Two-year notes fell for the first time in five days, pushing yields up from the lowest level since March, after the central bank invoked emergency powers to support the financing needs of corporations. The U.K. may invest as much as $79 billion in the country's three largest banks, while Iceland today took over Landsbanki Islands hf, the island nation's No. 2 lender, and pegged its currency to a trade-weighted index.
``This relieves some of the pressure,'' said Brian Edmonds, head of interest rates at Cantor Fitzgerald LP in New York, one of 17 primary dealers that trade with the Fed. ``This is a major step in freeing up capital, at least to flow through to corporates, and right now the market is perceiving that as an important step.''
The yield on the two-year note rose 13 basis points to 1.57 percent at 9:32 a.m. in New York, according to BGCantor Market Data. The 2 percent security maturing in September 2010 dropped 8/32, or $2.50 per $1,000 face amount, to 100 27/32.
The Fed will lend against a special purpose vehicle at the targeted federal funds rate. The unit will purchase from eligible issuers three-month dollar-denominated commercial paper at a spread over the three-month overnight-indexed swap rate, according to a statement in Washington today.
Australian Rates
Demand for the safest assets ebbed after Australia's central bank cut interest rates by the most since 1992, spurring speculation more banks may follow suit to head off a global recession.

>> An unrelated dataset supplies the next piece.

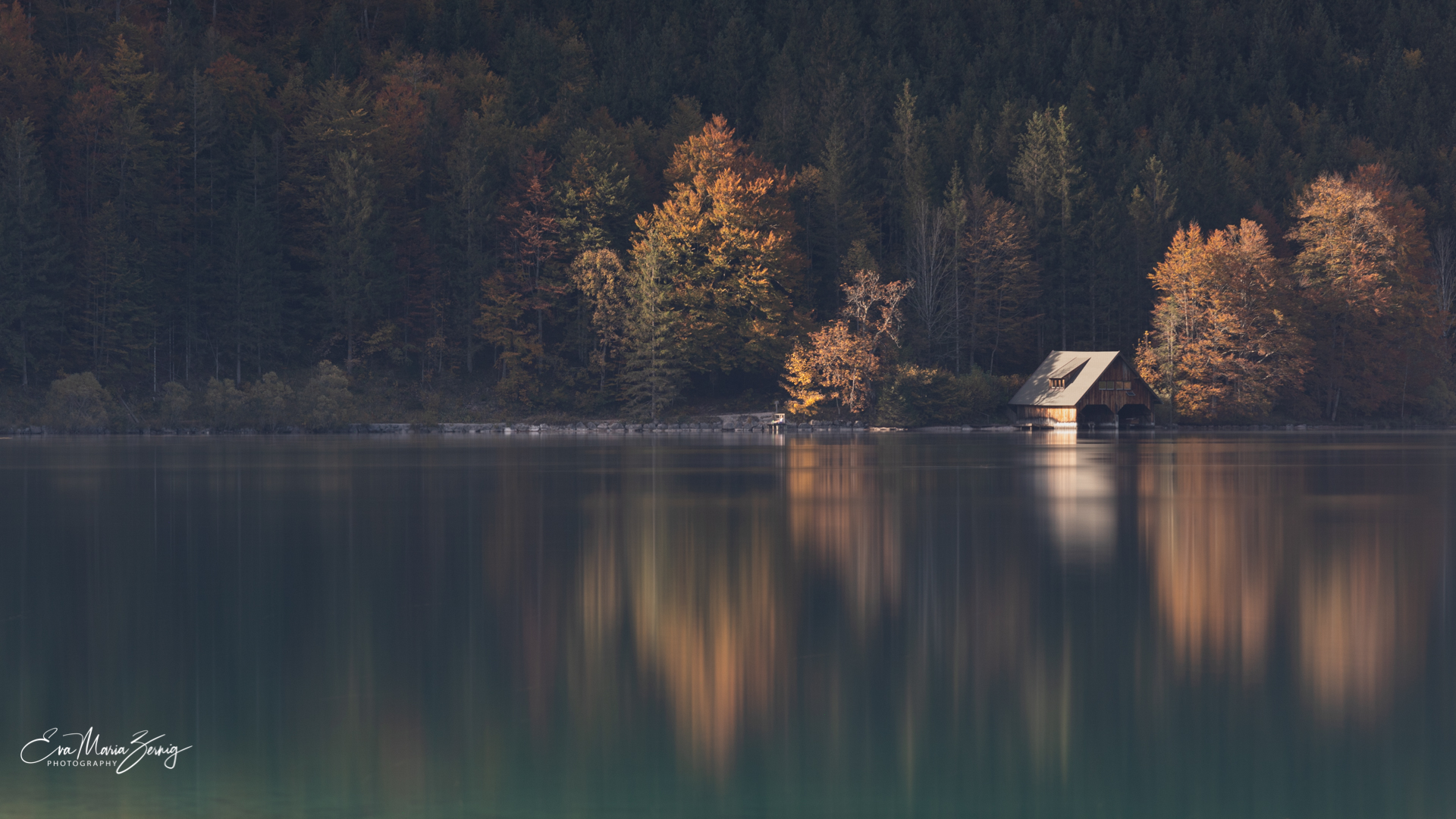 Herbst am See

``We've had a big rally over the last couple of weeks in Treasuries, so people are taking some of that money off the table,'' said Wilson Chin, a fixed-income strategist in Amsterdam at ING. ``But it's still too early to call the end of the flight to safety.''
The drop in U.S. government debt snapped the longest rally in a month as investors sought a haven amid weakness in credit markets and European bank rescues.

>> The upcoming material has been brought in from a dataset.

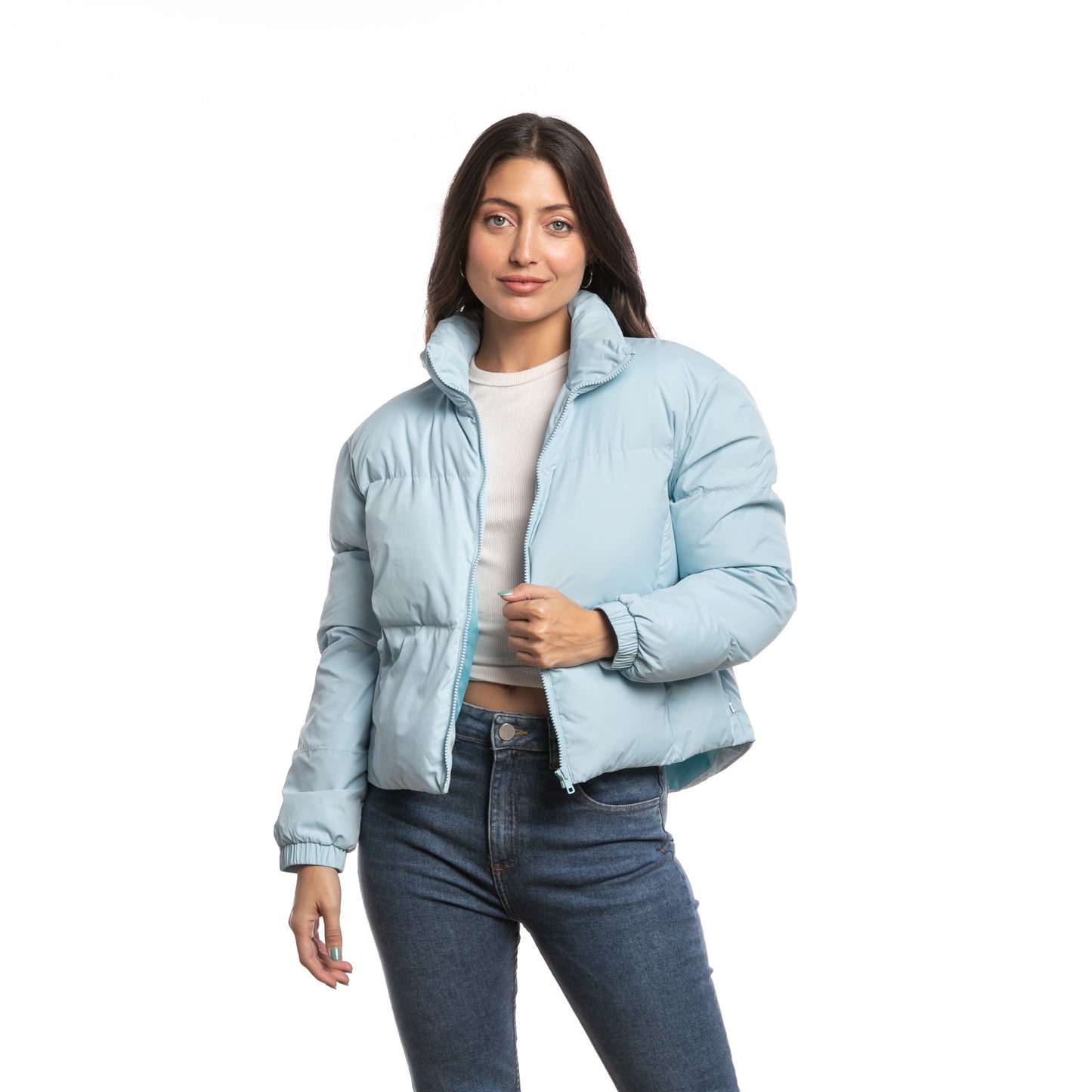 Campera Abrigo Rusty Floreat Puffer Jacket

``Treasuries are under a bit more pressure because of the renewed risk appetite,'' said Orlando Green, a fixed-income strategist in London at Calyon, a unit of Credit Agricole SA. ``But it's a fragile move.''
Credit Crisis
News of plans to shore up British banks followed the agreement yesterday by Germany and financial institutions on a rescue package for Hypo Real Estate Holding AG and BNP Paribas SA's decision to join a state-backed bailout of Fortis, Belgium's largest financial-services company.
``There's a lot of focus on the credit crisis in Europe at the moment,'' said Mik Ingenuus Joergensen, head of research in Copenhagen at Nordea Markets, part of the biggest Scandinavian Bank.
The U.K. government has already bailed out Bradford & Bingley Plc and brokered the takeover of HBOS Plc in the past month on concern about the banks' ability to fund themselves. Chancellor of the Exchequer Alistair Darling said yesterday he will do ``whatever it takes'' to keep the financial system stable as capital markets remain frozen.
Iceland's Financial Supervisory Authority took control of Landsbanki because there is ``a risk of default,'' Chamber of Commerce spokesman Finnur Oddson said in an interview today.
Banks have been hoarding cash on concern that credit- related losses are spreading. The TED spread, or the difference between what banks and the U.S. Treasury pay to borrow money for three months, dropped to 3.56 percentage points today, after earlier widening to 3.91 percentage points, from 3.82 percentage points yesterday. It was 1.12 percent a month ago.
The cost of borrowing in dollars overnight jumped more than a percentage point, the British Bankers' Association said today. The London interbank offered rate, or Libor, that banks charge each other for such loans climbed 157 basis points to 3.94 percent, BBA data showed today.